## RECORDS PROVIDED
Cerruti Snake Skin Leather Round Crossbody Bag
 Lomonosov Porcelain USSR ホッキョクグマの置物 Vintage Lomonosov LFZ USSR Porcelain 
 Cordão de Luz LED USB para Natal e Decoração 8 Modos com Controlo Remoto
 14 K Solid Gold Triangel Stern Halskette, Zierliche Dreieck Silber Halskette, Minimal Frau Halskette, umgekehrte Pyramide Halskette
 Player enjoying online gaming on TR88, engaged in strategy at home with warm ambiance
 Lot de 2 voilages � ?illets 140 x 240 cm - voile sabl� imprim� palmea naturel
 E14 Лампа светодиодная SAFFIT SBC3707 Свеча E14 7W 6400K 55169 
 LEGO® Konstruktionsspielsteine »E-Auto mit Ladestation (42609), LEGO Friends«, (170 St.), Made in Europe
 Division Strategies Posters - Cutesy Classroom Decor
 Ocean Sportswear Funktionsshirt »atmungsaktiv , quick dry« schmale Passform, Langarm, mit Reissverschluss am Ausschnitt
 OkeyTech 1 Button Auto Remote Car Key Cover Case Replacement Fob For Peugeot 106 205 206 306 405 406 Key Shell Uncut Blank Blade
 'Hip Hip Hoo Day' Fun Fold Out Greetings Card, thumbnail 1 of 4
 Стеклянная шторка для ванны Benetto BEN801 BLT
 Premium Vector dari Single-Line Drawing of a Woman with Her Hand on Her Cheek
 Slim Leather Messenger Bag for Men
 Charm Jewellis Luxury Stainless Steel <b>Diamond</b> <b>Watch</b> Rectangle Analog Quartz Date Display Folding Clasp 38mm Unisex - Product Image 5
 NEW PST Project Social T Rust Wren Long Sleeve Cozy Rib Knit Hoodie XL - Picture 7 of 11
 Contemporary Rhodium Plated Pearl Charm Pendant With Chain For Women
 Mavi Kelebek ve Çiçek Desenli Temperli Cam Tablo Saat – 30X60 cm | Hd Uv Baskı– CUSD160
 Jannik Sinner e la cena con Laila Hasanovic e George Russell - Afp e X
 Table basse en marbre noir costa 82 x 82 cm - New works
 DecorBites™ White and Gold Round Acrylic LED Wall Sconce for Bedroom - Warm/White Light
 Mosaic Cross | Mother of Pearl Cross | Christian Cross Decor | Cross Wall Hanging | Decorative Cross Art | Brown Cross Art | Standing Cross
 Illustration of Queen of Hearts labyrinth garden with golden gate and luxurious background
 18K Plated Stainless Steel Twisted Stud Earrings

## TASK STATEMENT
Above this instruction are the records; retype exactly the lines from the one containing "14 K Solid Gold" up to and including the one containing "Jannik Sinner e".

## WRITTEN RESPONSE
 14 K Solid Gold Triangel Stern Halskette, Zierliche Dreieck Silber Halskette, Minimal Frau Halskette, umgekehrte Pyramide Halskette
 Player enjoying online gaming on TR88, engaged in strategy at home with warm ambiance
 Lot de 2 voilages � ?illets 140 x 240 cm - voile sabl� imprim� palmea naturel
 E14 Лампа светодиодная SAFFIT SBC3707 Свеча E14 7W 6400K 55169 
 LEGO® Konstruktionsspielsteine »E-Auto mit Ladestation (42609), LEGO Friends«, (170 St.), Made in Europe
 Division Strategies Posters - Cutesy Classroom Decor
 Ocean Sportswear Funktionsshirt »atmungsaktiv , quick dry« schmale Passform, Langarm, mit Reissverschluss am Ausschnitt
 OkeyTech 1 Button Auto Remote Car Key Cover Case Replacement Fob For Peugeot 106 205 206 306 405 406 Key Shell Uncut Blank Blade
 'Hip Hip Hoo Day' Fun Fold Out Greetings Card, thumbnail 1 of 4
 Стеклянная шторка для ванны Benetto BEN801 BLT
 Premium Vector dari Single-Line Drawing of a Woman with Her Hand on Her Cheek
 Slim Leather Messenger Bag for Men
 Charm Jewellis Luxury Stainless Steel <b>Diamond</b> <b>Watch</b> Rectangle Analog Quartz Date Display Folding Clasp 38mm Unisex - Product Image 5
 NEW PST Project Social T Rust Wren Long Sleeve Cozy Rib Knit Hoodie XL - Picture 7 of 11
 Contemporary Rhodium Plated Pearl Charm Pendant With Chain For Women
 Mavi Kelebek ve Çiçek Desenli Temperli Cam Tablo Saat – 30X60 cm | Hd Uv Baskı– CUSD160
 Jannik Sinner e la cena con Laila Hasanovic e George Russell - Afp e X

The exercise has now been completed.